- EXTRACTED INFORMATION -
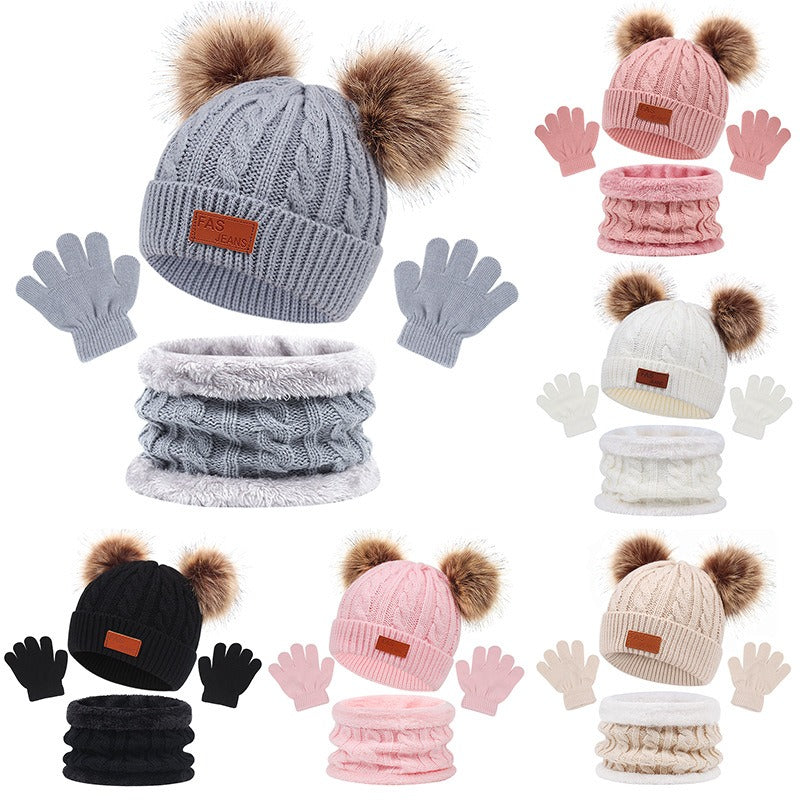 New Children's Hat, Scarf, Glove, Three Piece Set, Autumn and Winter New Warm Double Ball Baby Hat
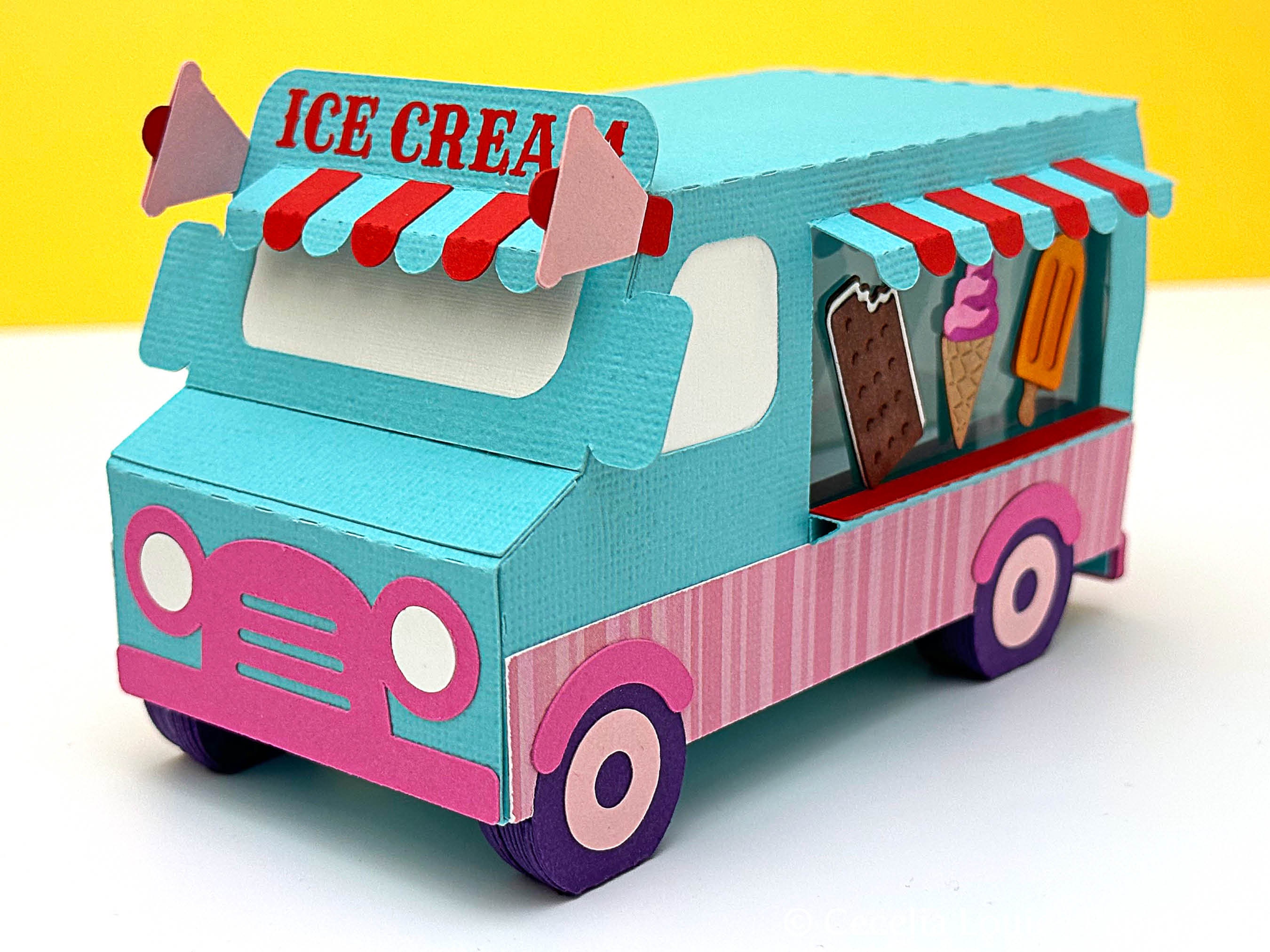 Editable Ice Cream Truck Favor Box Label Gable Gift Box Ice Cream Birt -  Design My Party Studio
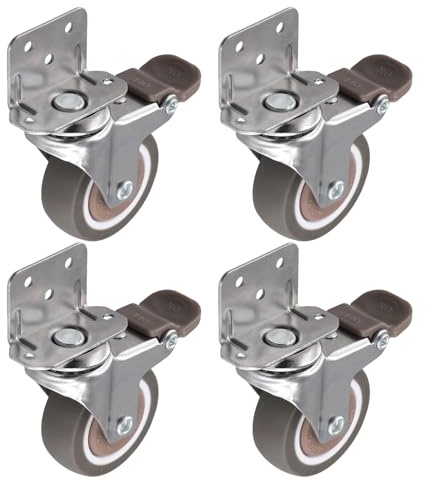 Osmond Seitliche Rollen, Möbelrollen, 5,1 cm (2 ), Gummirollen in L-Form, 4 Stück, 360-Grad-Drehgelenk, feststellbar, 4 Stück
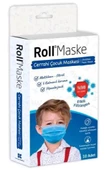 Roll Maske Cerrahi Çocuk Maskesi Mavi | 3 Katlı & Telli - 1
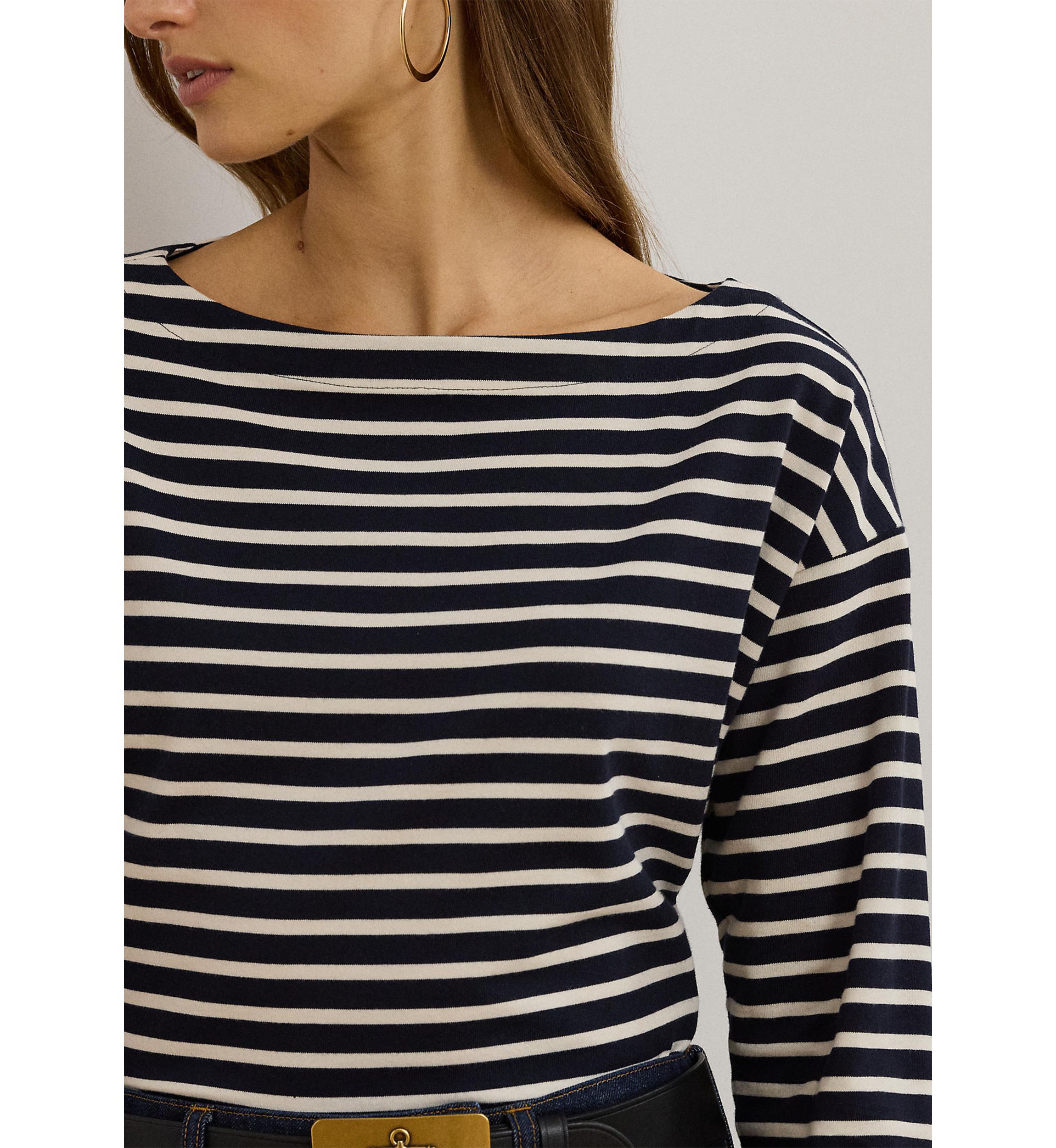Striped Cotton Jersey Boat Neck Top
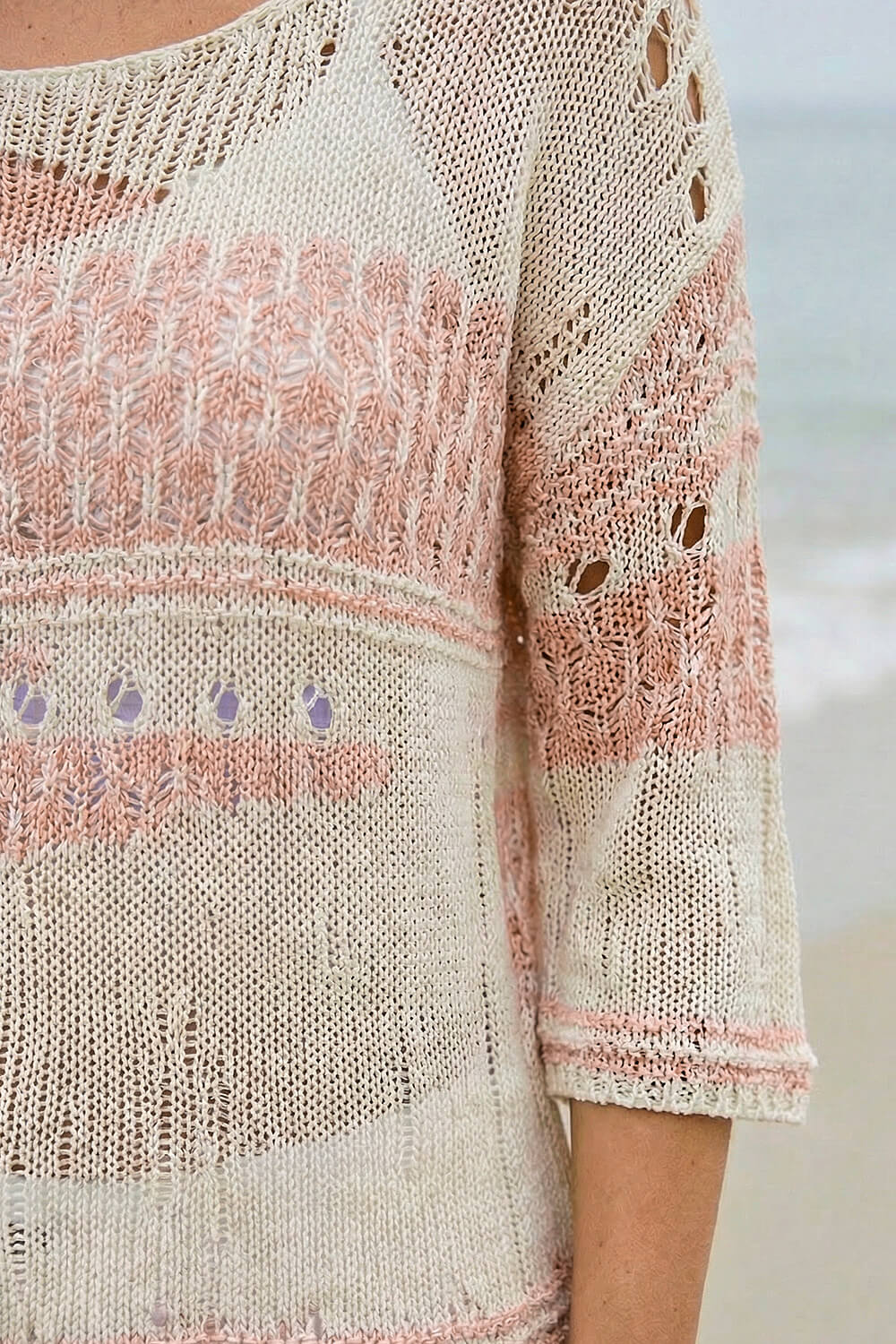 Light Pink Textured Abstract Knit Jumper, Image 4 of 4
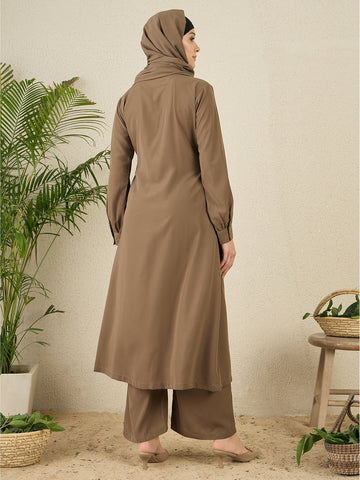 Nabia Oat (Khaki) Solid Co-ord Set for Women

- TASK BRIEF -
What's needed is a word-for-word retyping of the listing, minus its pictures.

- ANSWER TO THIS TASK -
 New Children's Hat, Scarf, Glove, Three Piece Set, Autumn and Winter New Warm Double Ball Baby Hat
 Editable Ice Cream Truck Favor Box Label Gable Gift Box Ice Cream Birt -  Design My Party Studio
 Osmond Seitliche Rollen, Möbelrollen, 5,1 cm (2 ), Gummirollen in L-Form, 4 Stück, 360-Grad-Drehgelenk, feststellbar, 4 Stück
 Roll Maske Cerrahi Çocuk Maskesi Mavi | 3 Katlı & Telli - 1
Striped Cotton Jersey Boat Neck Top
 Light Pink Textured Abstract Knit Jumper, Image 4 of 4
 Nabia Oat (Khaki) Solid Co-ord Set for Women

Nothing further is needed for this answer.